You seem to be trying awfully hard to make a square peg fit in a round hole. I'm not sure quite what you've seen regarding using a Wi-Fi link from a Google Chromecast Audio in to a Hi-Fi, so perhaps some links from you would be useful.
In the meantime, my experience with the Chromecast was that Wi-Fi was the way to get an audio stream in to the device. Audio out was via the 3.5mm dual function socket. It was both an analogue out and an Optical out.I haven't come across anyone so far using Wi-Fi as a way to then get audio out of a Chromecast. What would be the point?
Chromecast had no control interface of its own. It relied on control from a 3rd party device to point the Chromecast at a suitable audio stream. The connection from that 3rd party device to the Chromecast was via the house Wi-Fi, and typically the controller was a smartphone or tablet or PC using Google's Chrome browser.
The Achilles heel for audiophiles wanting to use the Chromecast as a cheap streamer was the audio out. The analogue audio out wasn't good, and the Optical out had a tonne of jitter.
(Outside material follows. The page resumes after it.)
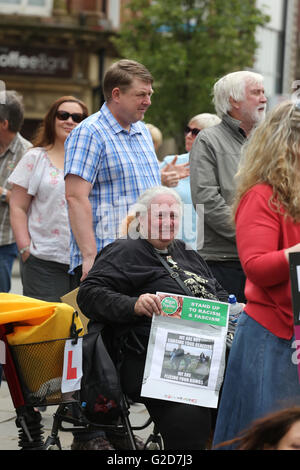 Wigan, England. 28. Mai 2016. Ein Demonstrant hält ein Plakat "Stehen bis zu Rassismus und Faschismus" liest in Wigan, England, 28. Mai 2016 Credit: Barbara Koch/Alamy Live News Stockfoto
The analogue output quality is no real surprise. It was a £40 bit of hardware doing quite a lot, so there wasn't a lot of money left in the budget to build in a decent DAC. Besides that, who would notice if they did aside from a few mad audiophiles? I'm guessing most Chromecast Audios were plugged in to audio systems that couldn't show up the quality, so it was good enough.
The Optical out was -
for the mass market, at least - the same story; as long as its good enough for most people then that's fine. However, the jitter was partly to do with how it was driven and then partly about the quality of the noise filtering in the DAC it was connected to. Driving it from Roon was the key to cutting the source jitter. You can read more about this here:
https://www.audiosciencereview.com/...ents-of-chromecast-audio-digital-output.4544/
The main point here is that to extract any kind of serious Hi-Fi performance from the CCA required a £120 per year subscription to a driver service plus a £200+ DAC. Suddenly this £40 CCA is starting to look a lot more expensive.
The question from all of this then is whether you want a high quality audio streamer, or whether you want a smart assistant that does a bit of audio? My view is that the two things are not the same.